Untuk itu seluruh komponen bangsa harus dengan rendah hati mau menghilangkan segala bentuk prasangka, terutama prasangka rasial. Kepada etnis Tionghoa dituntut untuk mengubah prilakunya dalam kehidupan sehari-hari dan dalam melakukan bisnis harus selalu menjaga etika. Harus dikembangkan kepekaan dan rasa peduli akan keadaan sekelilingnya. Etnis Tionghoa jangan hanya mengkonsentrasikan diri kepada bisnis semata, tetapi masukilah segala wilayah yang selama ini tabu baginya. Sebagai warga negara etnis Tionghoa mempunyai hak dan kewajiban yang sama dengan komponen bangsa lainnya. Jangan takut memasuki wilayah politik.
Sebagai warga bangsa, etnis Tionghoa harus membantu menghilangkan gap antara the have and the have not dengan meningkatkan pendapatan teman-teman kita yang kurang beruntung. Kita harus dapat menciptakan lapangan kerja sebanyak-banyaknya. Di samping meningkatkan pendapatan, kita juga harus berusaha meningkatan pendidikan dan kesehatan seluruh anak bangsa.
Sebaliknya pemerintah harus menghapus seluruh peraturan-peraturan yang diskriminatif terhadap etnis Tionghoa, terutama Undang-undang Catatan Sipil dan Undang-undang Kewarganegaraan yang mengharuskan etnis Tionghoa memiliki SBKRI. BKMC harus dibubarkan dan seluruh pintu harus dibuka untuk dapat dimasuki oleh seluruh warga negaranya termasuk etnis Tionghoa.

[1] Yayasan Tunas Bangsa, Lahirnya Konsep Asimilasi, Cetakan ke-VI, Yayasan Tunas Bangsa, Jakarta, 1989. hal.23.

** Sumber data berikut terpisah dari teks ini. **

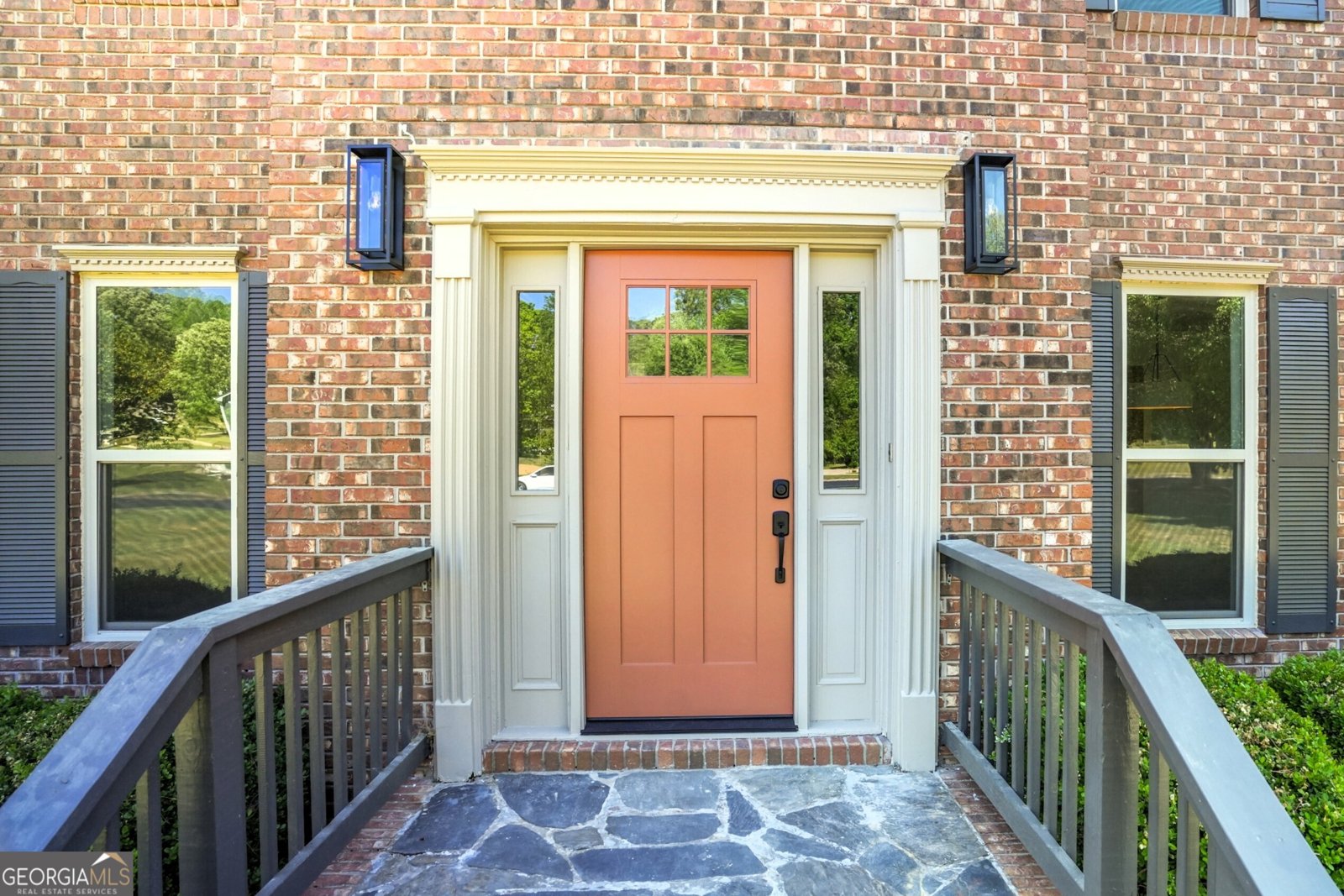 910 Kite Lake Trail Fayetteville - Photo 9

[2] Loyalitas dan ketergantungan Baperki kepada Presiden Sukarno tercermin dalam pernyataan pertamanya setelah terjadi Peristiwa G30S, yaitu pernyataan pada tanggal 4 Oktober 1965, yang pada intinya menyatakan akan mengikuti dan mematuhi garis-garis kebijaksanaan Presiden Sukarno. Lihat : Charles A Coppel, Tionghoa Indonesia Dalam Krisis, Pustaka Sinar Harapan, Jakarta, 1994.Hal.114-115.

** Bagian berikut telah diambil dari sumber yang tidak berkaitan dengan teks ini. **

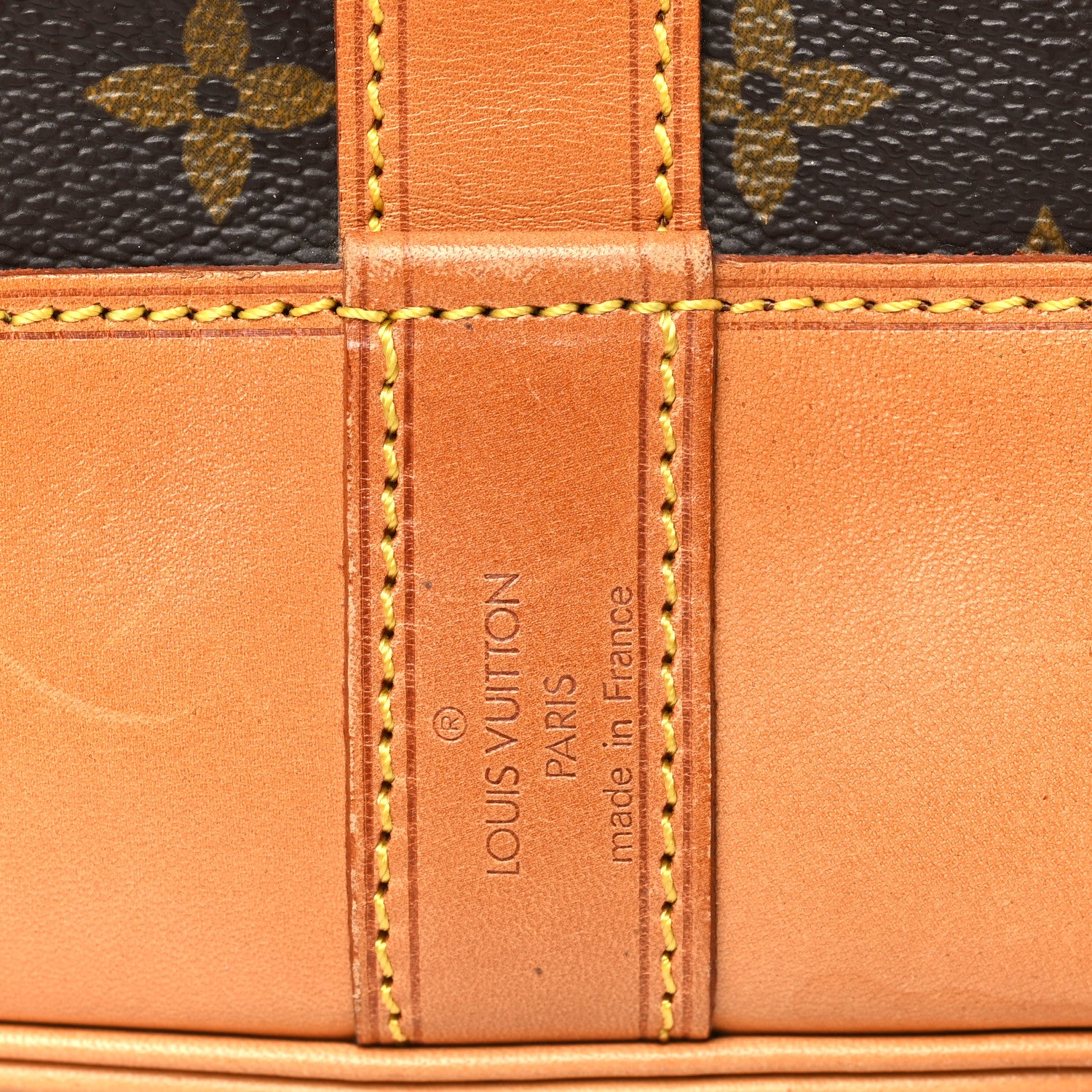 Louis Vuitton Monogram Randonnee PM 6 of 10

[3] IRD adalah singkatan Information Research Department, sebuah organisasi propaganda anti komunis Departemen Luar Negeri Inggris.
[4] Lihat : Lashmar, Paul & Oliver, James, Britain Secret Propaganda War, Sutton Publishing, London, 1998 hal. 7-9.
[5] Menurut pengakuan K.Sindhunatha dalam Diskusi Akbar “Tugas dan Kewajiban Etnis Tionghoa Dalam Membangun Bangsa dan Negara” yang diselenggarakan Perhimpunan INTI Jakarta pada 27 April 2002 bertempat di hotel Mercure Rekso, Jakarta, ia diminta dalam rapat G-5 KOTI untuk memilih istilah apa yang sebaiknya digunakan, Tionghoa atau Cina, dan ia memilih Cina.
[6] Pengakuan ini disampaikan K.Sindhunatha dalam sebuah diskusi di kantor majalah Gamma, September 1999 yang dihadiri antara lain Mely G.Tan,Candra Setiawan (Ketua Umum Matakin),Lieus Sungkharisma (Ketua Umum PARTI) dan Benny G.Setiono ( Ketua Perhimpunan INTI).